----- SUPPLIED INFORMATION
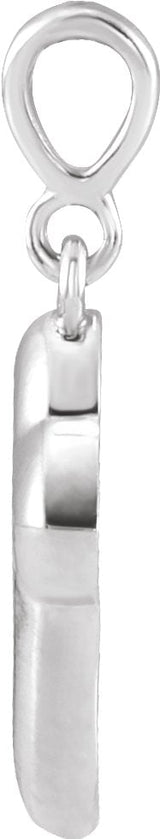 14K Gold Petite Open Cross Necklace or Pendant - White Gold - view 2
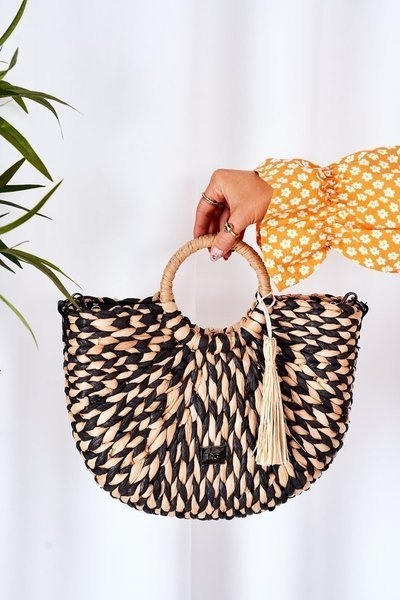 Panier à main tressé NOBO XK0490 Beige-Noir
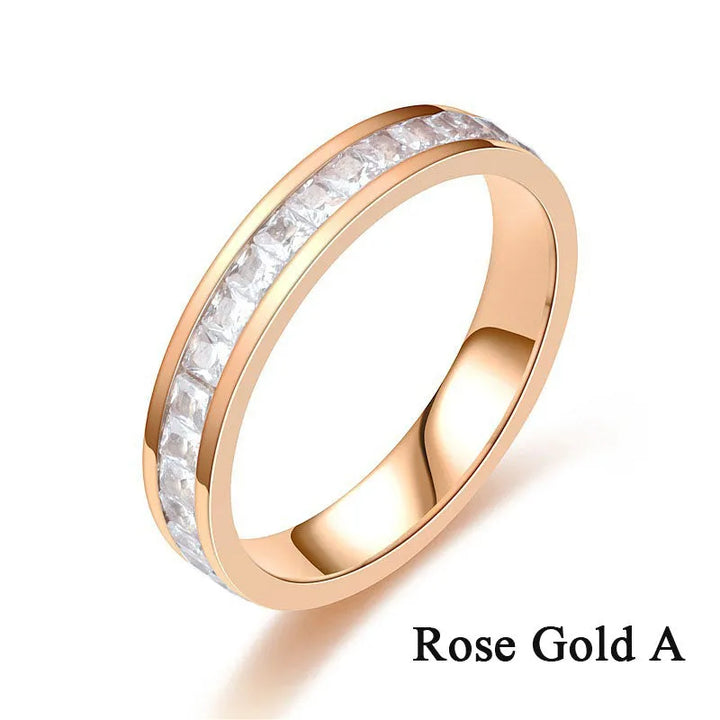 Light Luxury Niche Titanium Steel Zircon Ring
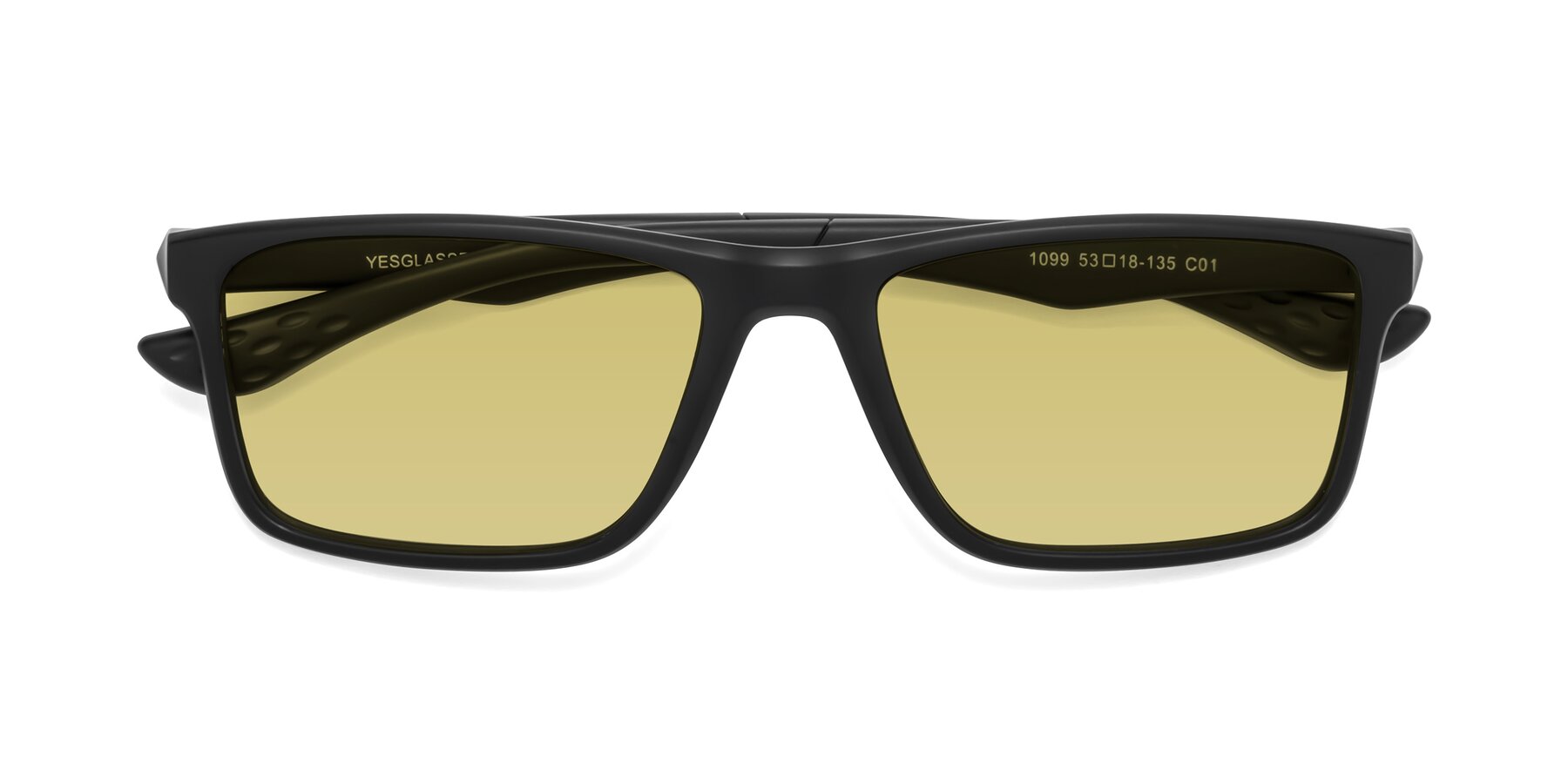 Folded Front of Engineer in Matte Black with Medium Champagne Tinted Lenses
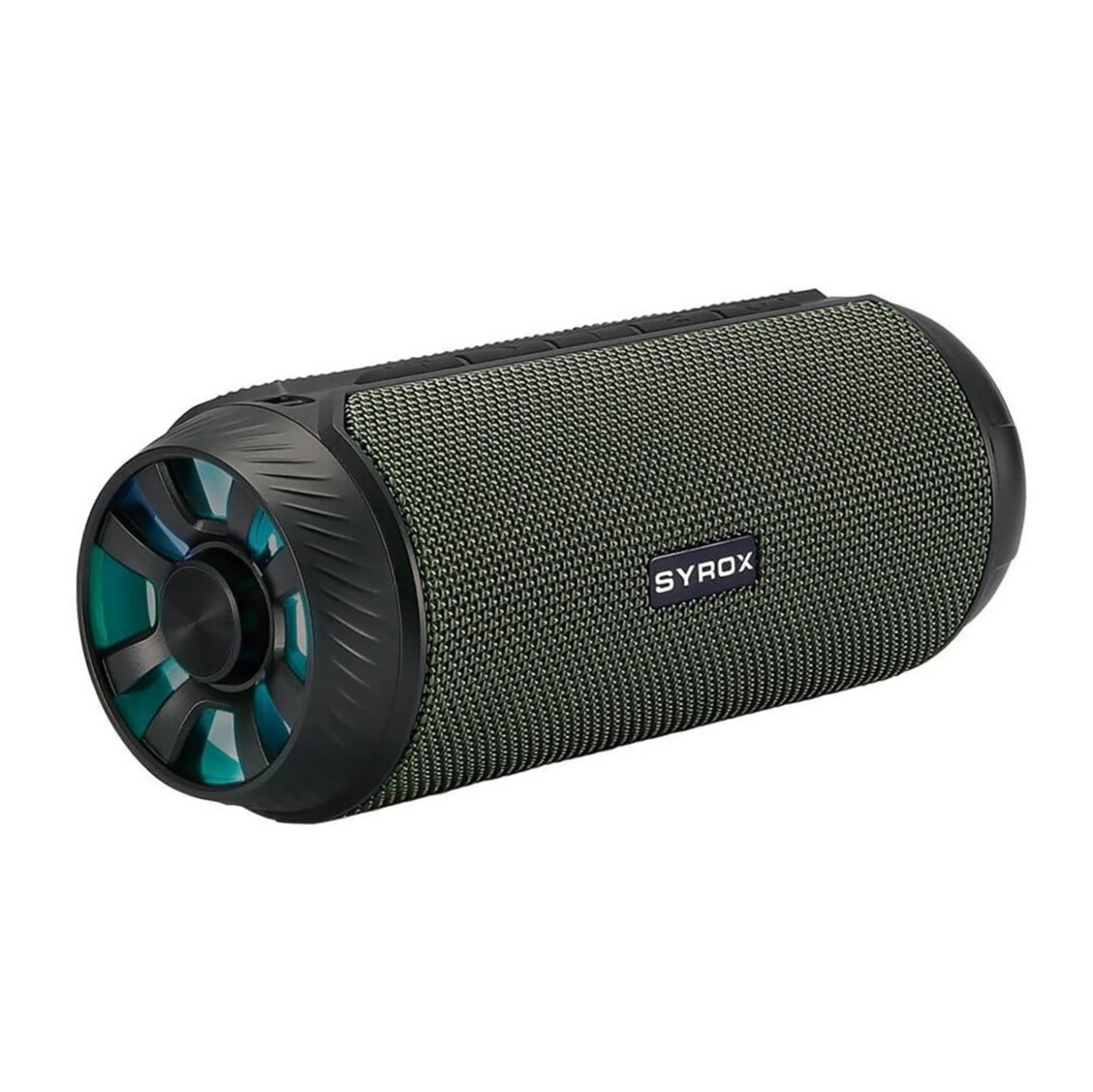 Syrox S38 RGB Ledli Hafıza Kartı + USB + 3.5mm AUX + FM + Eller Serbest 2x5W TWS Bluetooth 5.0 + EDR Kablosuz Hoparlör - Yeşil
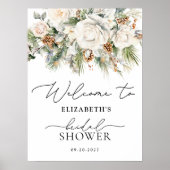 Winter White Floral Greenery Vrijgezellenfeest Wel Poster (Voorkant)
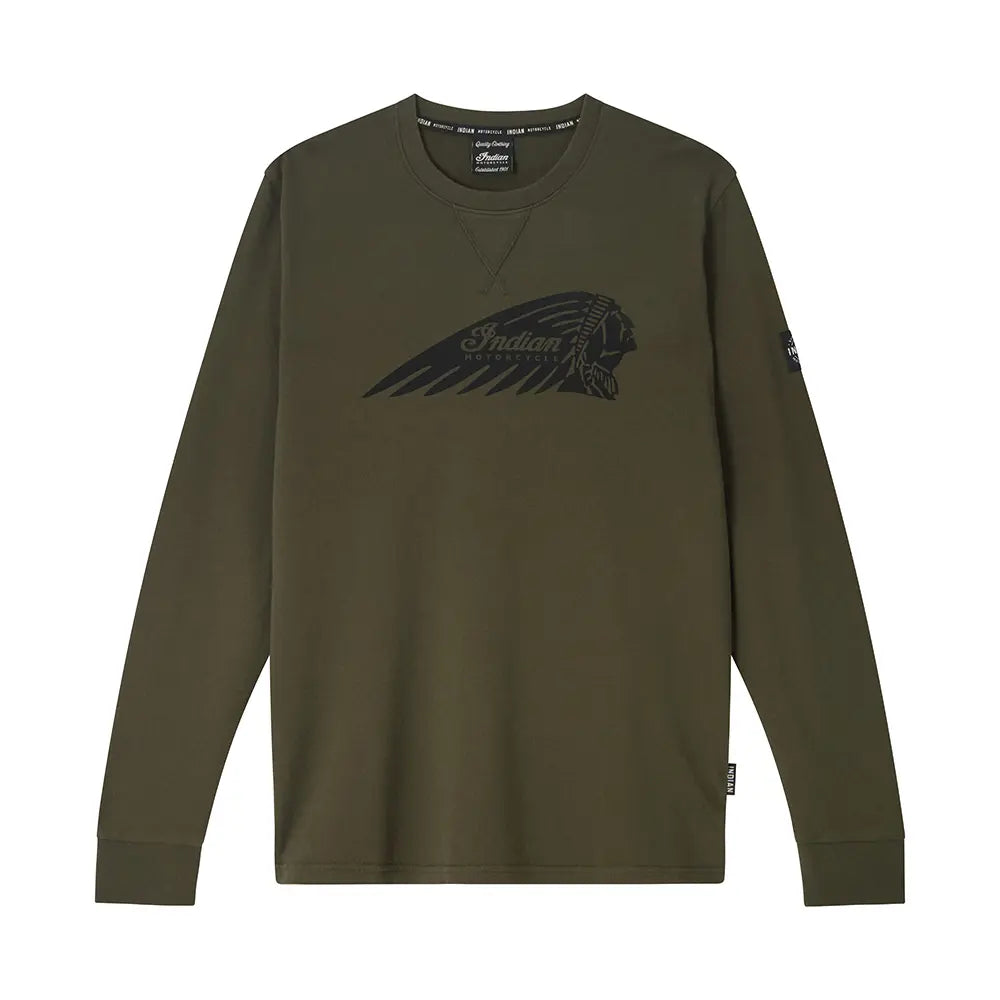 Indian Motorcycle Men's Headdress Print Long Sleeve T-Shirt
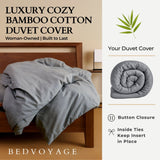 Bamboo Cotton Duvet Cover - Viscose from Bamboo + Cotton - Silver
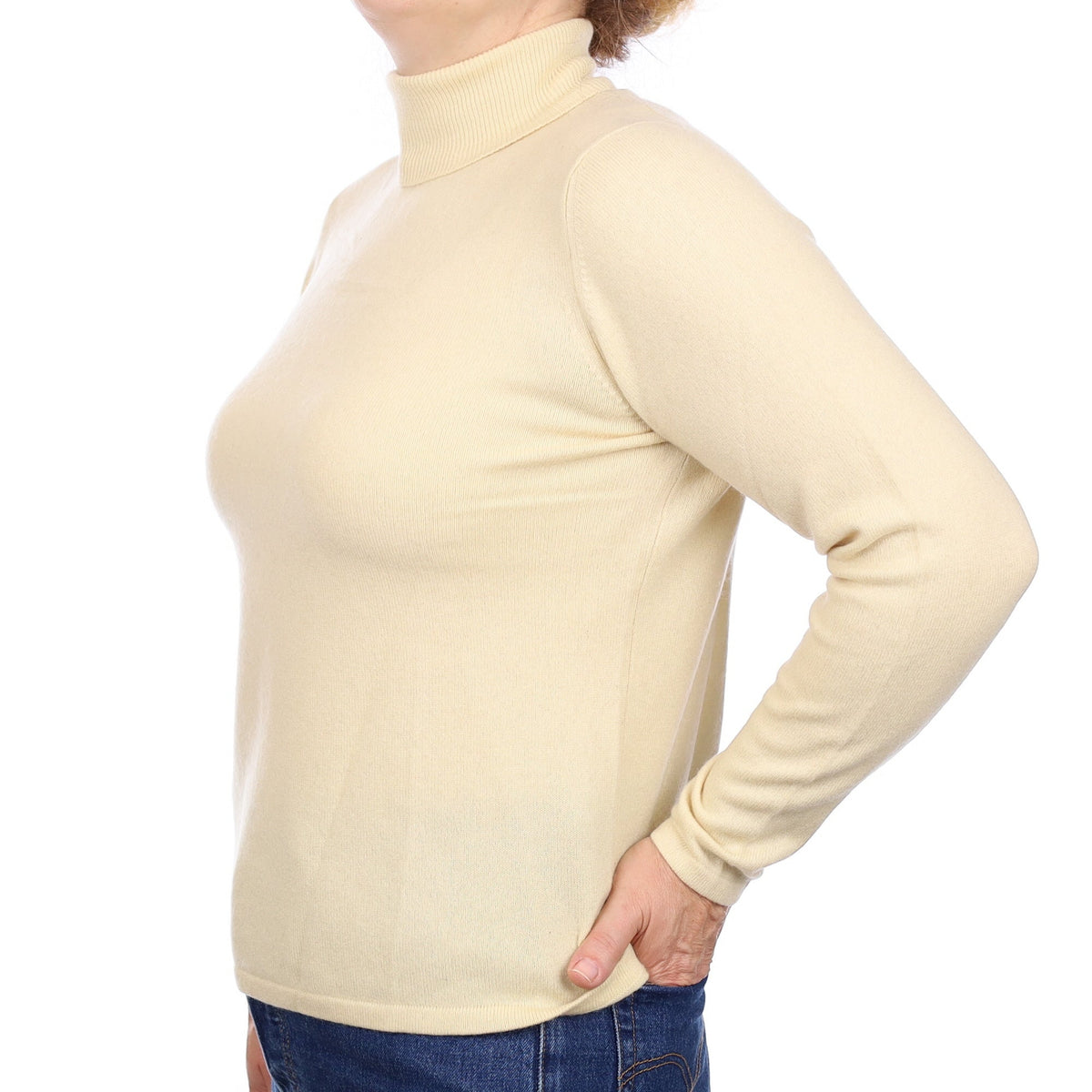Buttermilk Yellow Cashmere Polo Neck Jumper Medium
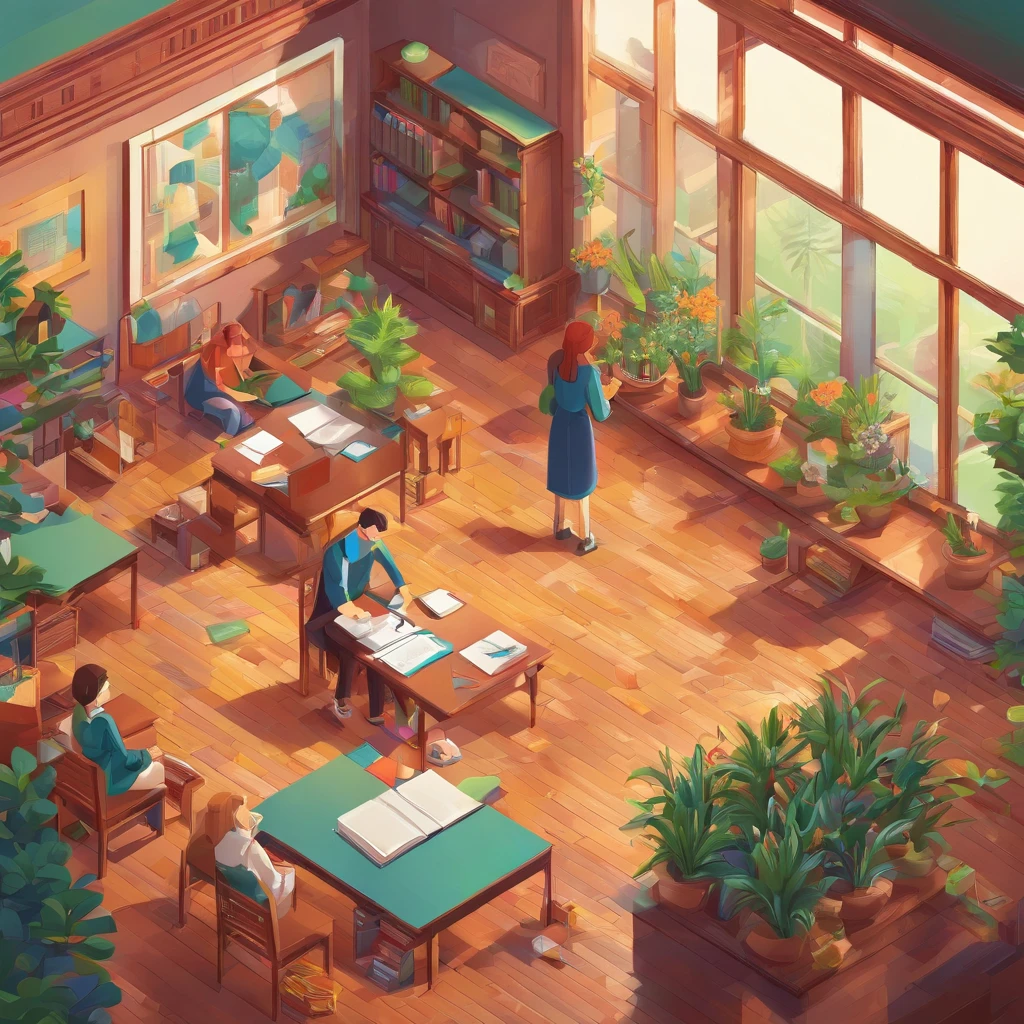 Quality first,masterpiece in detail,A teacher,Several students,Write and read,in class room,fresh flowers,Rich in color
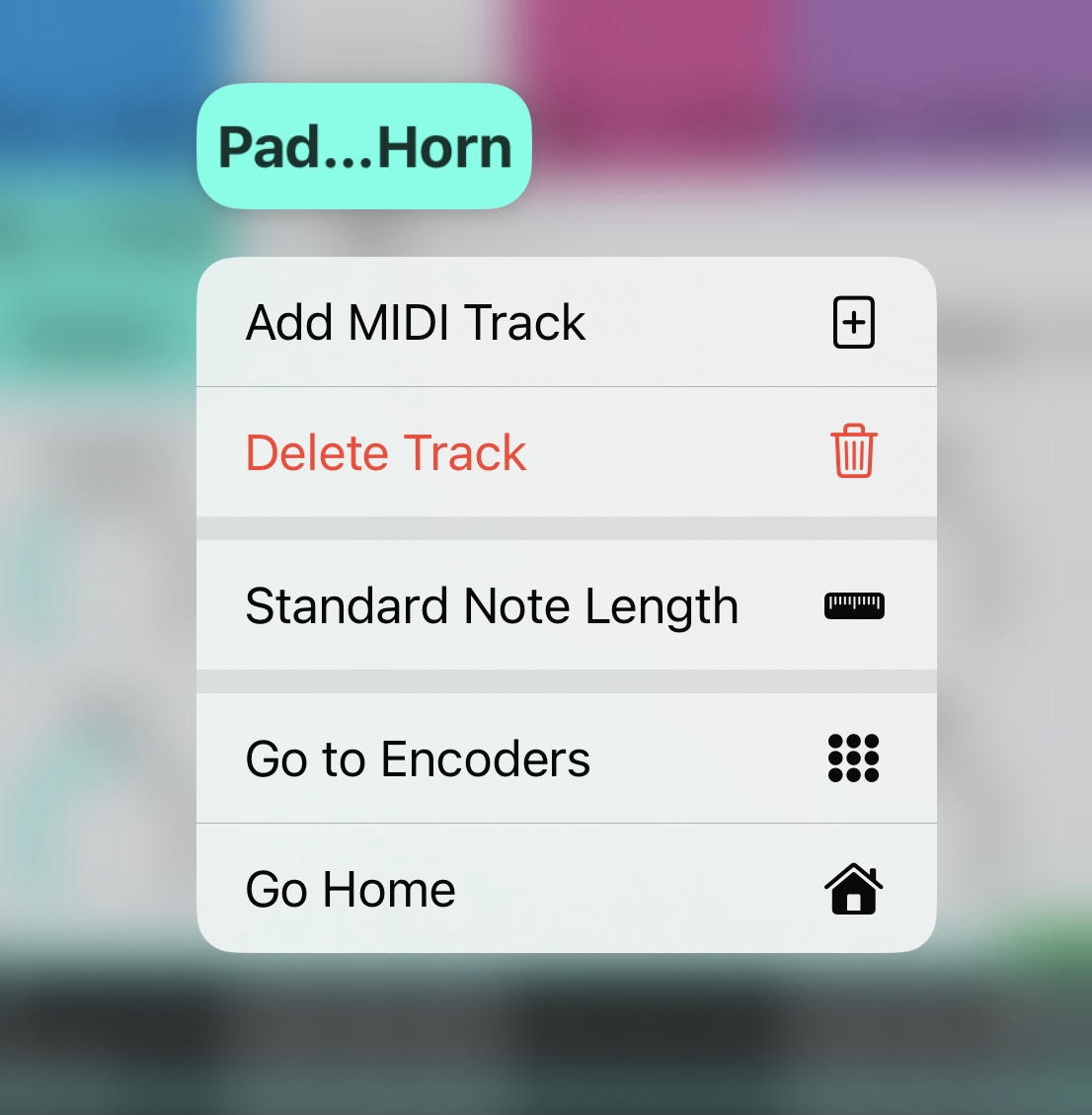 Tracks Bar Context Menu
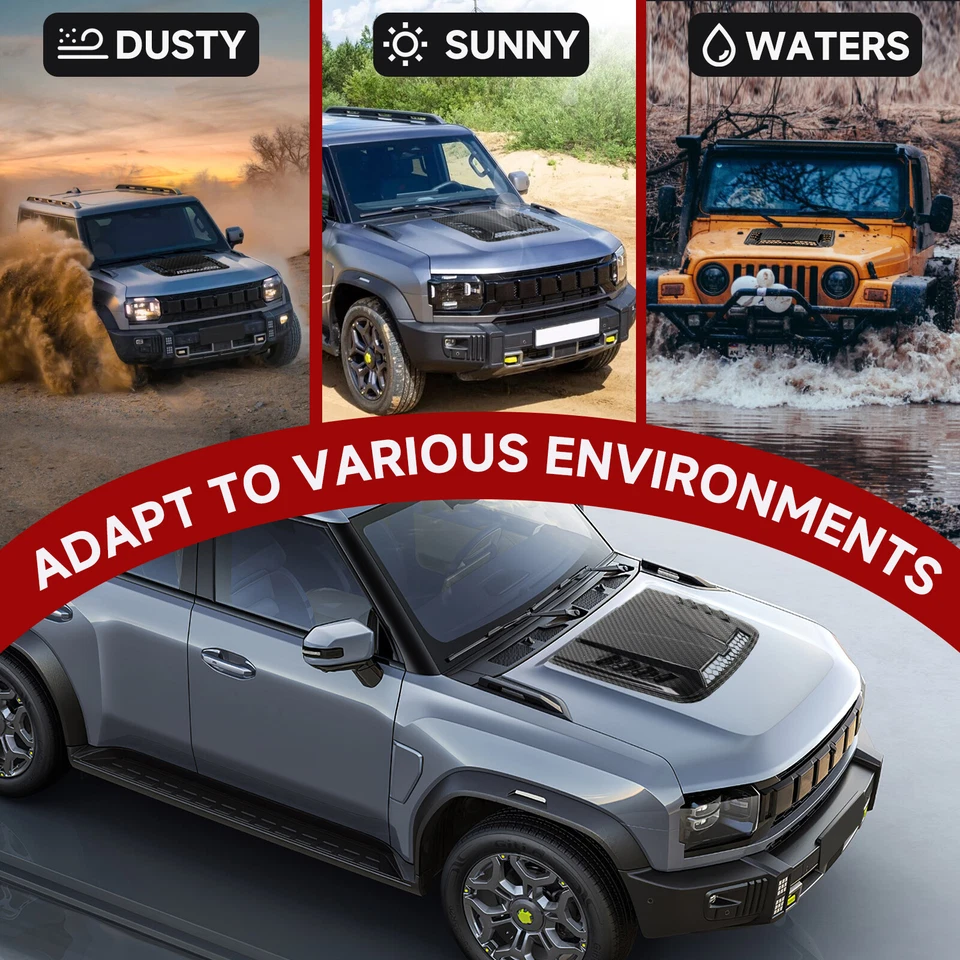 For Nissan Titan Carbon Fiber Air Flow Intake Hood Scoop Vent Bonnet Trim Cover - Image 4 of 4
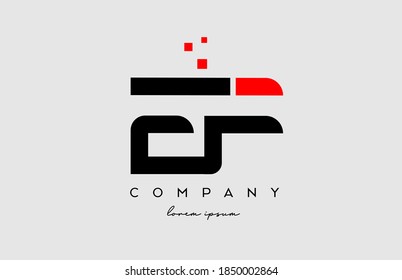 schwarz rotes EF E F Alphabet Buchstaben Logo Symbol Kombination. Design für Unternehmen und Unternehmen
----------
PROBLEM TO WORK ON. Transcribe every entry word for word, but omit the pictures.

FINISHED EXERCISE.
 14K Gold Petite Open Cross Necklace or Pendant - White Gold - view 2
 Panier à main tressé NOBO XK0490 Beige-Noir
 Light Luxury Niche Titanium Steel Zircon Ring
 Folded Front of Engineer in Matte Black with Medium Champagne Tinted Lenses
 Syrox S38 RGB Ledli Hafıza Kartı + USB + 3.5mm AUX + FM + Eller Serbest 2x5W TWS Bluetooth 5.0 + EDR Kablosuz Hoparlör - Yeşil
 Winter White Floral Greenery Vrijgezellenfeest Wel Poster (Voorkant)
 Indian Motorcycle Men's Headdress Print Long Sleeve T-Shirt
 Bamboo Cotton Duvet Cover - Viscose from Bamboo + Cotton - Silver
Buttermilk Yellow Cashmere Polo Neck Jumper Medium
 Quality first,masterpiece in detail,A teacher,Several students,Write and read,in class room,fresh flowers,Rich in color
 Tracks Bar Context Menu
 For Nissan Titan Carbon Fiber Air Flow Intake Hood Scoop Vent Bonnet Trim Cover - Image 4 of 4
 schwarz rotes EF E F Alphabet Buchstaben Logo Symbol Kombination. Design für Unternehmen und Unternehmen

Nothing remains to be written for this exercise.